* What you need to do
Begin with the opening line of the records and extract each line through the one holding "Milk Fish Dairy Vitiligo Leucoderma"; pictures are not part of the copy.

■ ■ ■ ■ ■

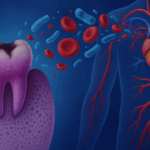 If We Treated Tooth Decay Like We Treat Heart Disease, We’d Save Billions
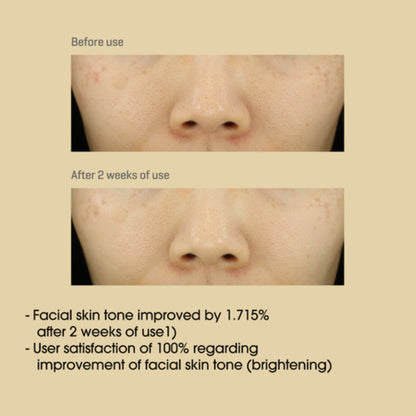 Before and after comparison of facial skin tone improvement with text on a beige background
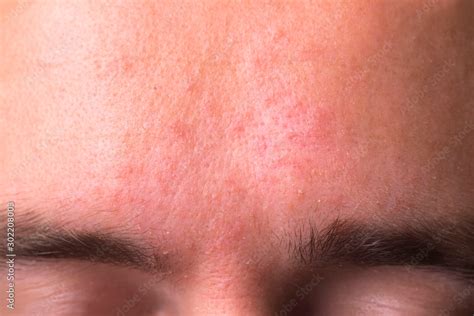 Weeping Eczema In The Stage Of Exudation Closeup Of Forehead Area With
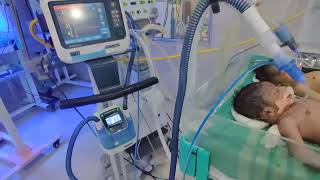 Newborn baby on ventilator in NICU  Neonatal ICU  SNCU  Special Newborn Care Unit [upl. by Hakaber384]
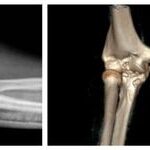 3D Printing Technology for Precise Treatment of Severe Fractures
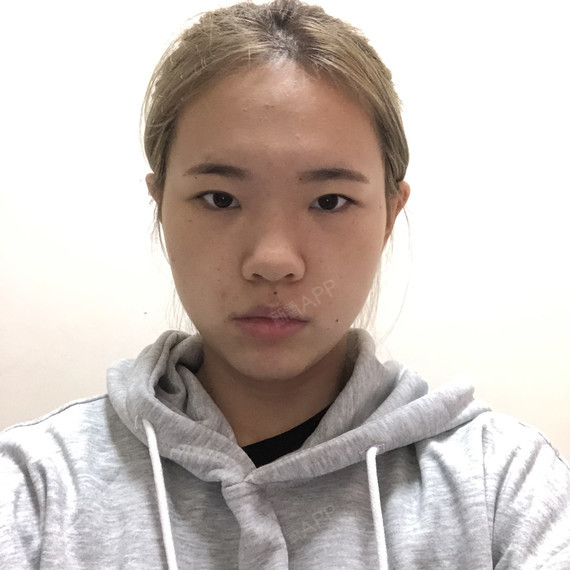 宝宝本身轻微肿眼泡,黑眼球暴露率不够,眉眼间距宽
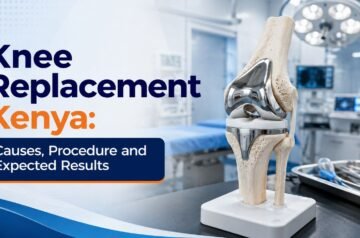 Knee Replacement Kenya: Causes, Procedure and Expected Results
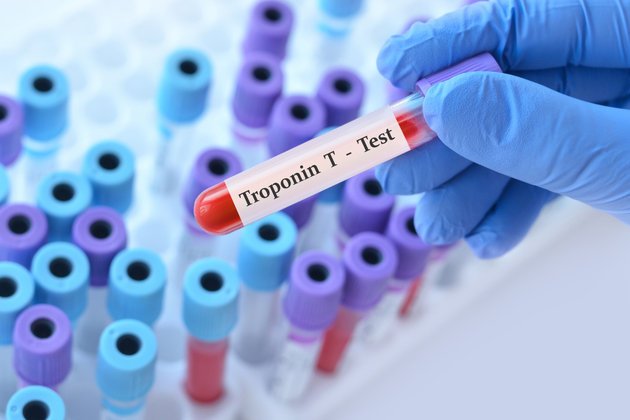 Troponin Nedir? Yüksek ve Düşük Troponin Düzeyleri Üzerine Bilgiler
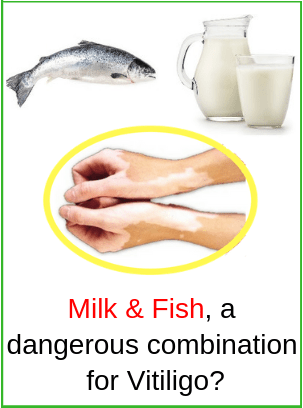 Milk Fish Dairy Vitiligo Leucoderma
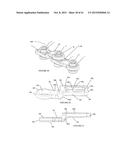 Polyaxial Plate Rod System and Surgical Procedure diagram and image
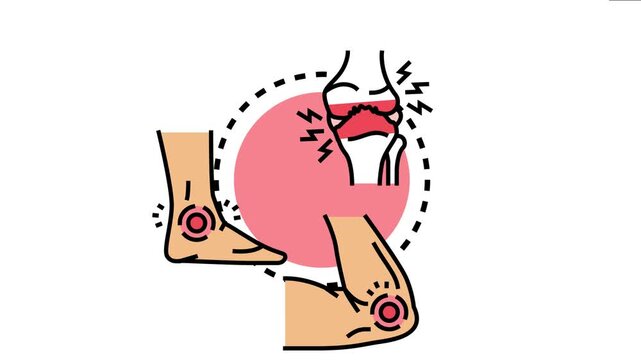 Joint pain impacting various body parts including knee, elbow, and ankle, the common symptoms of arthritis and related medical conditions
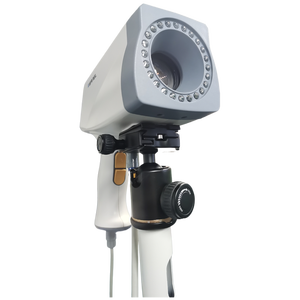 Colposcopio Digital con Certificación CE USA 510K para <span class=keywords><strong>Examen</strong></span> Cervical, Colposcopio de Video de Alta Resolución con Zoom Óptico de 18X KN-2200 - Product Image 5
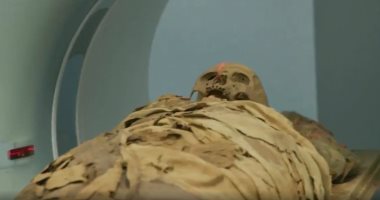 قمل الرأس فى المومياوات يكشف أسرارا غير متوقعة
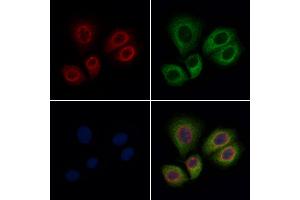 ABIN6262848 and ABIN6276891 staining Hela cells by IF/ICC. (Kallikrein 1 抗体  (Internal Region))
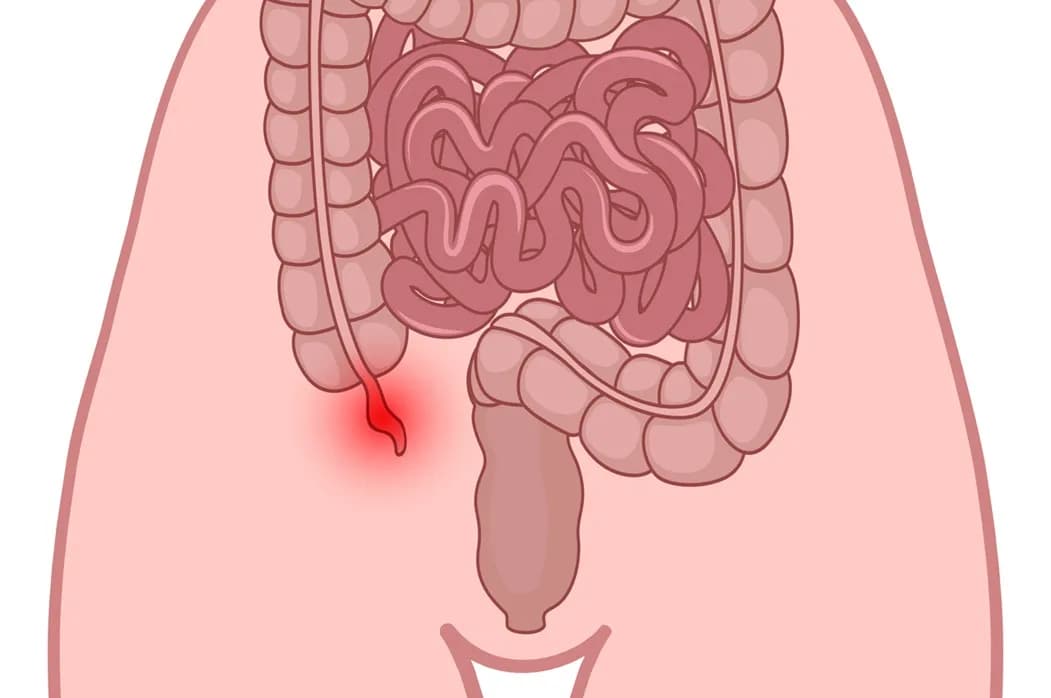 Objawy zapalenia wyrostka robaczkowego u dziecka – nie ignoruj tych sygnałów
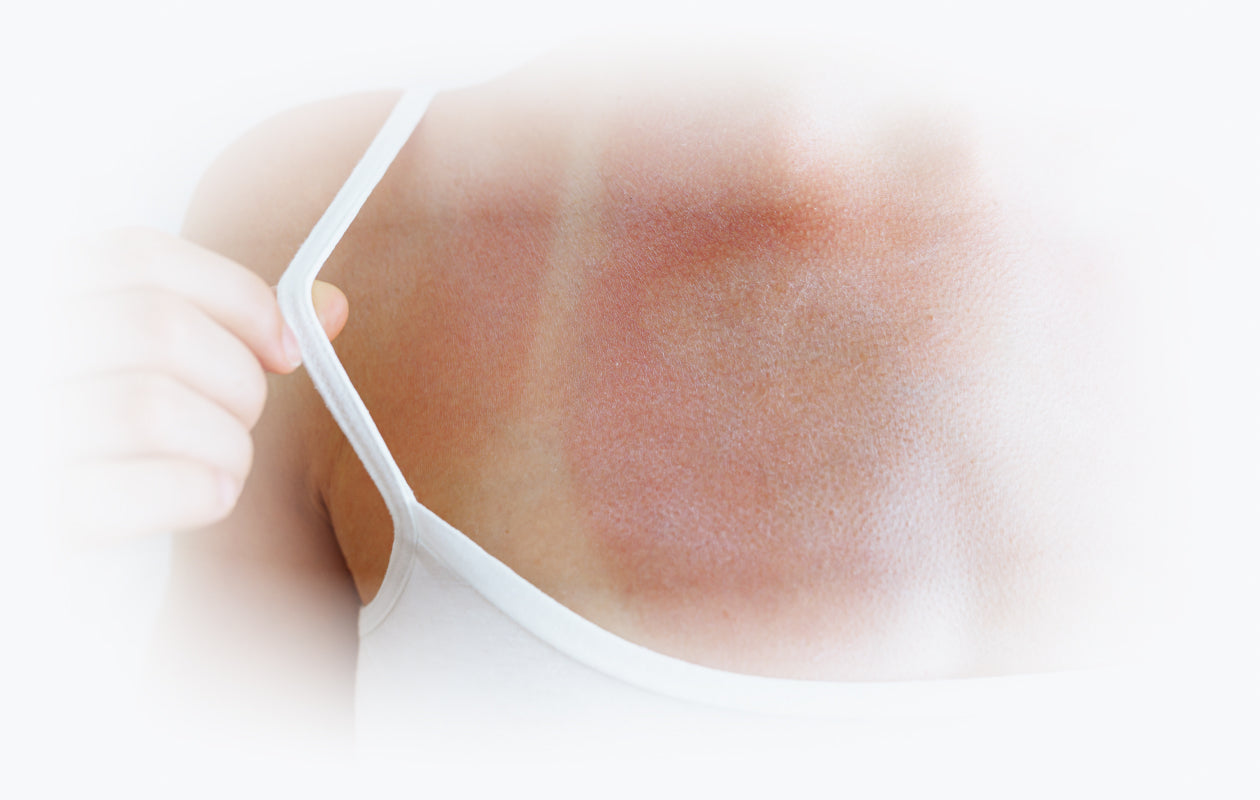 Image of a person's sunburned chest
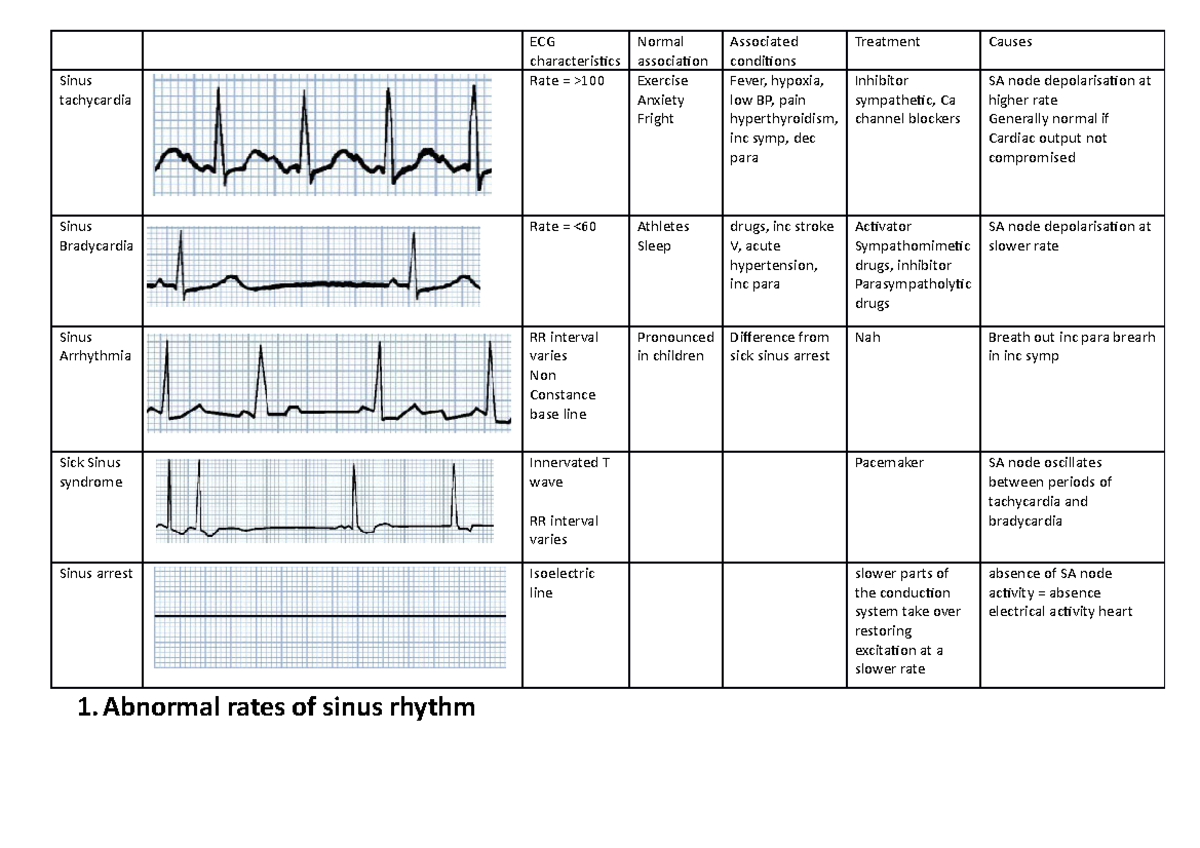 ECG characteristics - ECG characteristics Normal association Associated ...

■ ■ ■ ■ ■

* Problem solution
 If We Treated Tooth Decay Like We Treat Heart Disease, We’d Save Billions
 Before and after comparison of facial skin tone improvement with text on a beige background
 Weeping Eczema In The Stage Of Exudation Closeup Of Forehead Area With
 Newborn baby on ventilator in NICU  Neonatal ICU  SNCU  Special Newborn Care Unit [upl. by Hakaber384]
 3D Printing Technology for Precise Treatment of Severe Fractures
 宝宝本身轻微肿眼泡,黑眼球暴露率不够,眉眼间距宽
 Knee Replacement Kenya: Causes, Procedure and Expected Results
 Troponin Nedir? Yüksek ve Düşük Troponin Düzeyleri Üzerine Bilgiler
 Milk Fish Dairy Vitiligo Leucoderma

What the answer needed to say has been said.